* [What to do]
Every line from the start of the entries up to and including the one bearing "Jeu de cartes" must be printed verbatim, without the pictures.

━━━━━━━━━━━━━━━━

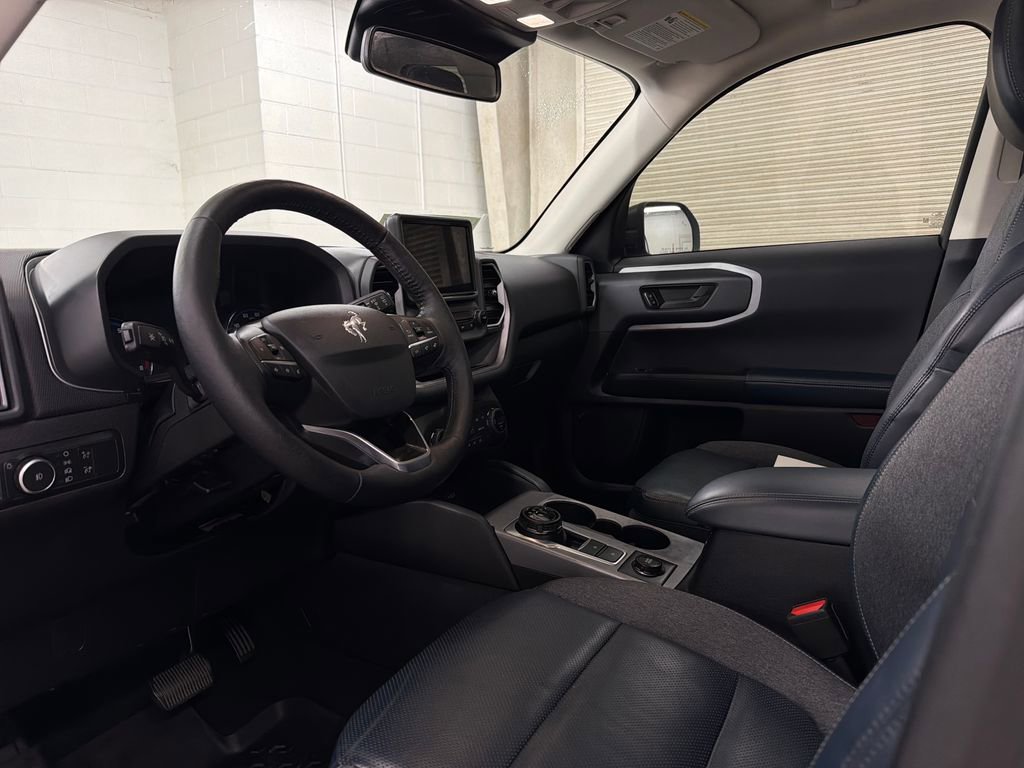 Certified 2021 Ford Bronco Sport Outer Banks w/ Outer Banks Package AWD/4WD image 6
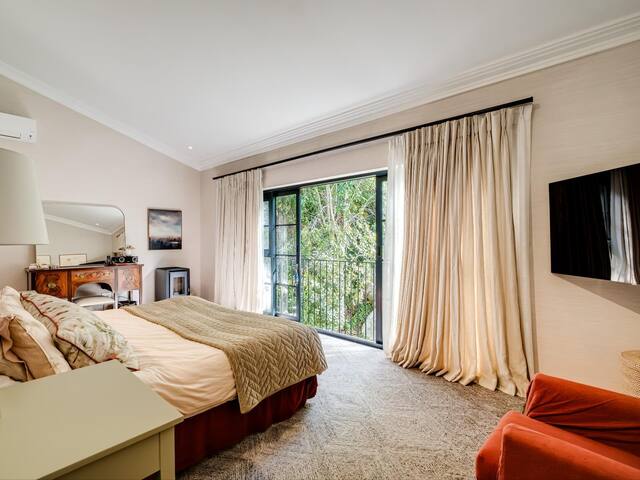 Luxury Forest Escape in Newlands gallery image 5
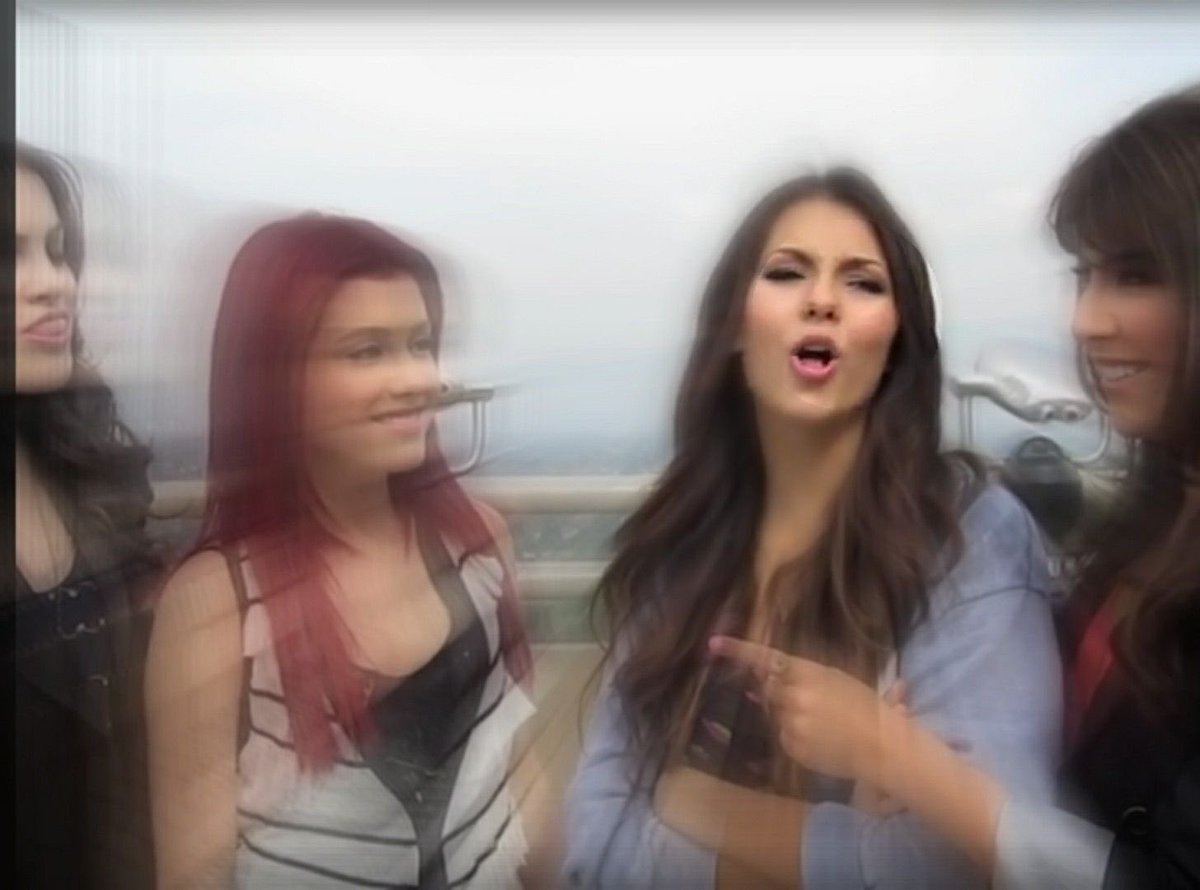 MagicalPotato7's tweet photo. I think we ALL felt uncomfortable watching this episode we ALL— #CruelSummer https://t.co/Pb4Yj4unoB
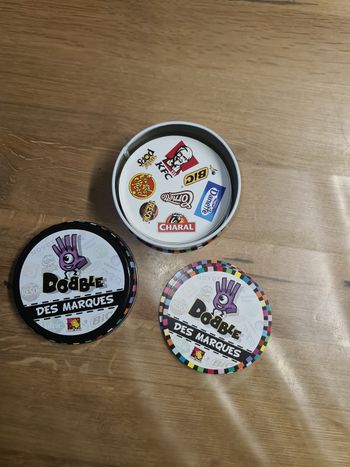 Jeu de cartes Dobble Des Marques des éditions Asmodée
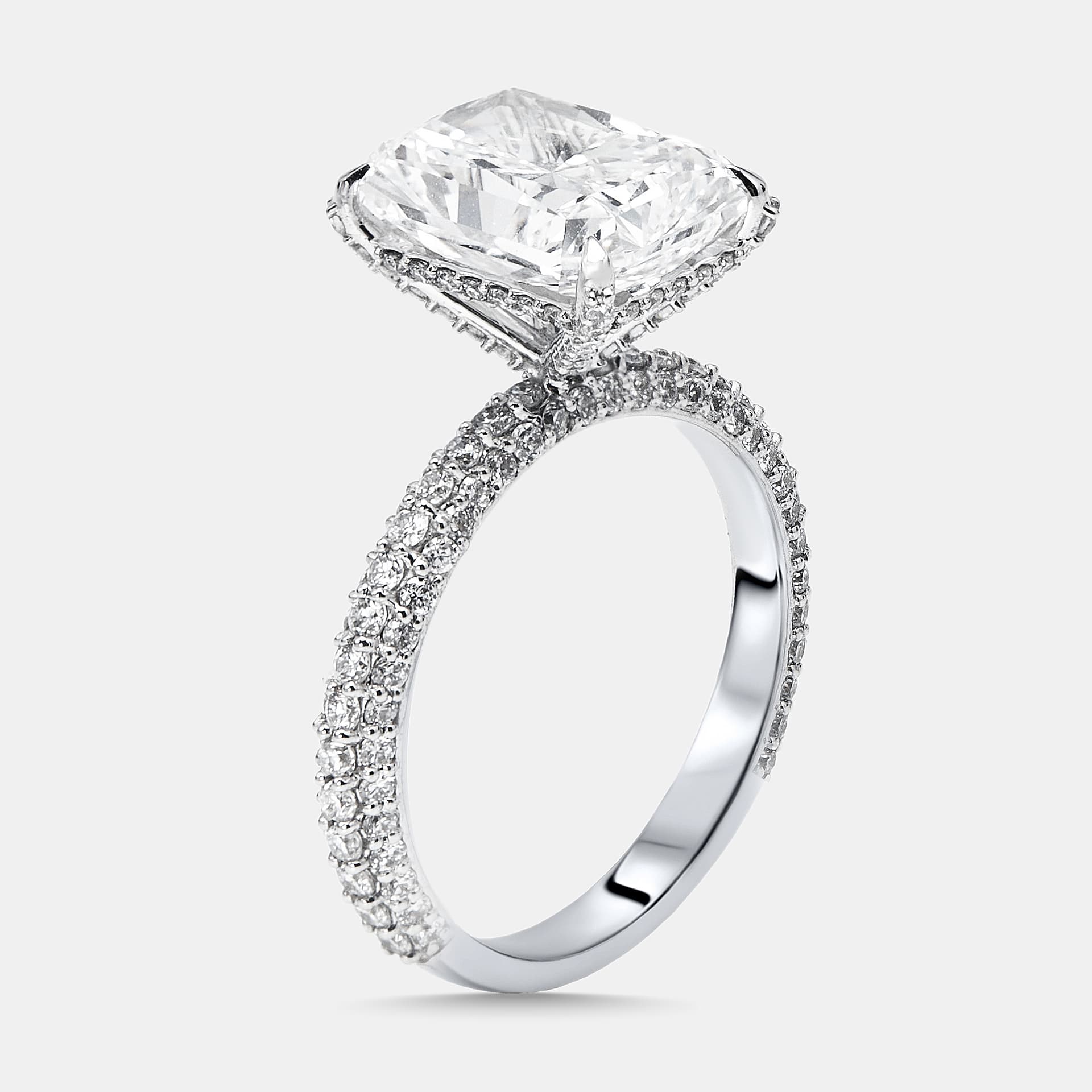 4.9 cts Radiant, Round Lab Grown Diamonds 18k White Gold Ring Size 51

━━━━━━━━━━━━━━━━

* [Answer box]
 Certified 2021 Ford Bronco Sport Outer Banks w/ Outer Banks Package AWD/4WD image 6
 Luxury Forest Escape in Newlands gallery image 5
 MagicalPotato7's tweet photo. I think we ALL felt uncomfortable watching this episode we ALL— #CruelSummer https://t.co/Pb4Yj4unoB
 Jeu de cartes Dobble Des Marques des éditions Asmodée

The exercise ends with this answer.